Windows and dots per inch (DPI) have never always been as ideal as they could have been and they put this down to desktop apps not built to scale ideally with their interface which resulted in a smaller user experience of elements on screens with rather higher DPI numbers. Microsoft is dealing with these issues with its new Metro style applications. Developers will be able to use 3 different sweet spots with pixel densities to scale their graphics and visual elements within apps.

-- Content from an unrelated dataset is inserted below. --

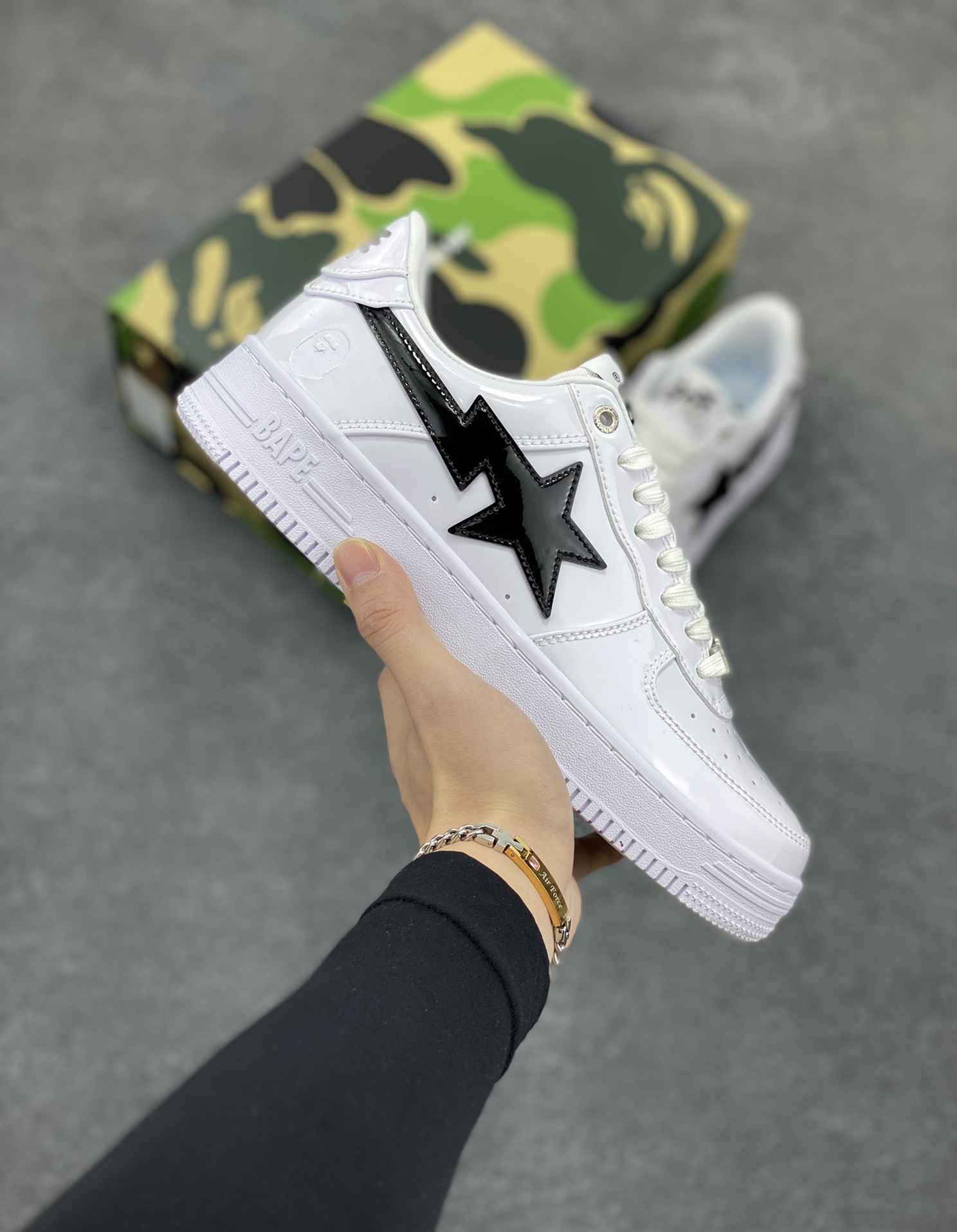 Bape Sk8 Sta To Nigo“ 潮流教父Nigo 品牌 猿人头低帮经典运动休闲板鞋 全套顶级包装 包含猿人logo定制防尘袋 定制迷彩鞋垫一副 抗压收纳抽屉式鞋盒 货号：1K30191302 尺码：36 36.5 37.5 38 38.5 39 40 40.5 41 42 42.5 43 44 44.5 45 46-选品中心
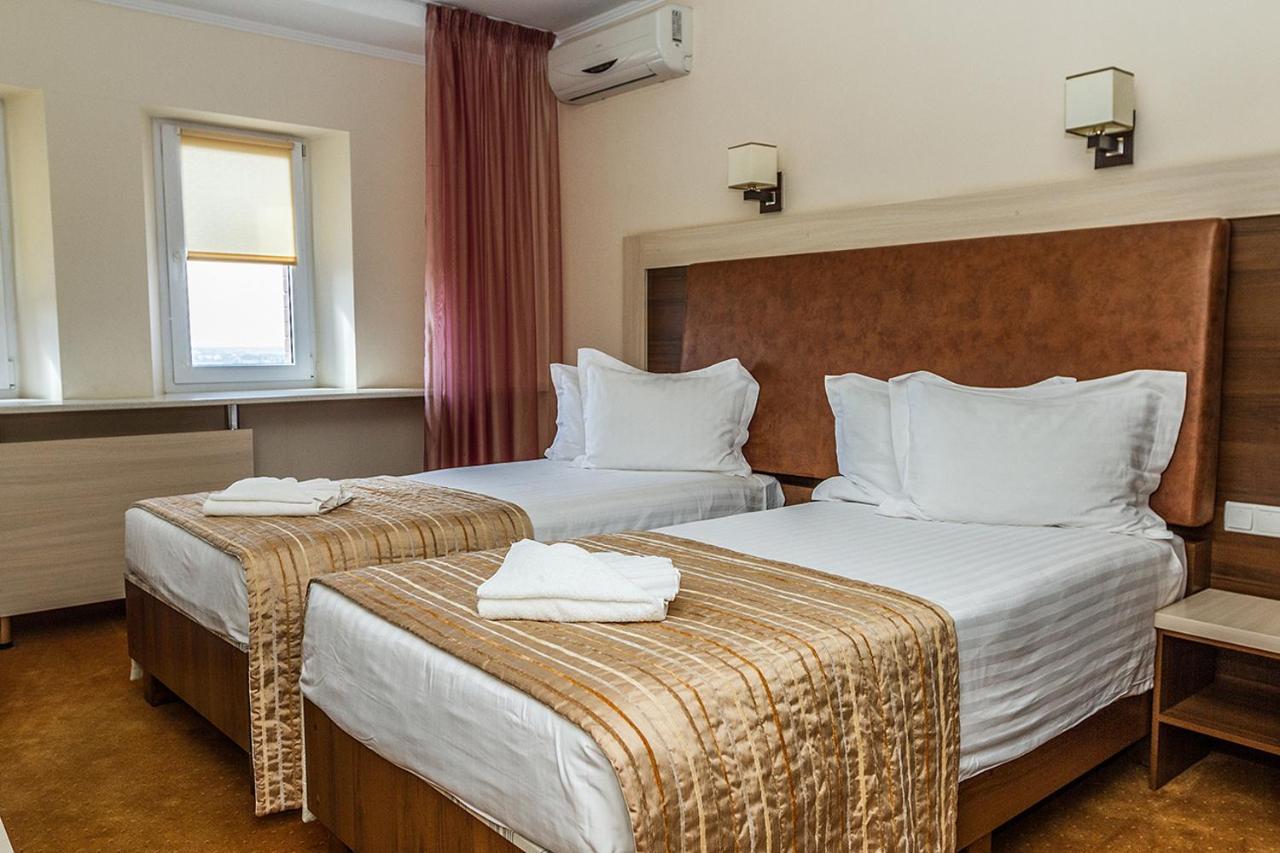 7 Sky Hotel Klinicheskaya Street Kyiv Exterior photo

Given that that the new iPad adopts a scale factor of 200% due to a higher pixel density, Microsoft has gone for diversity rather than a higher figure specifically by proposing three scale percentages for Windows 8. The first will be with no scaling at 100%, 140% for HD tablets and finally for quad-XGA tablets, a whopping 180%. As for developers, they will be able to use vector graphics or CSS3 to load images at separate scales.

Microsoft is urging developers to think more about larger screens to ensure that the Metro UI apps make use of the space efficiently. Given all the discussions about Metro apps, Microsoft has not made any mention of resolution scaling improvements for Windows 8 in desktop mode.  Our friends over at TheVerge have reported that the Consumer Preview version is largely untouched from Windows 7, so it appears that most of the scaling and obviously touch-mode friendly improvements are designed for the Metro-styled UIs, for now.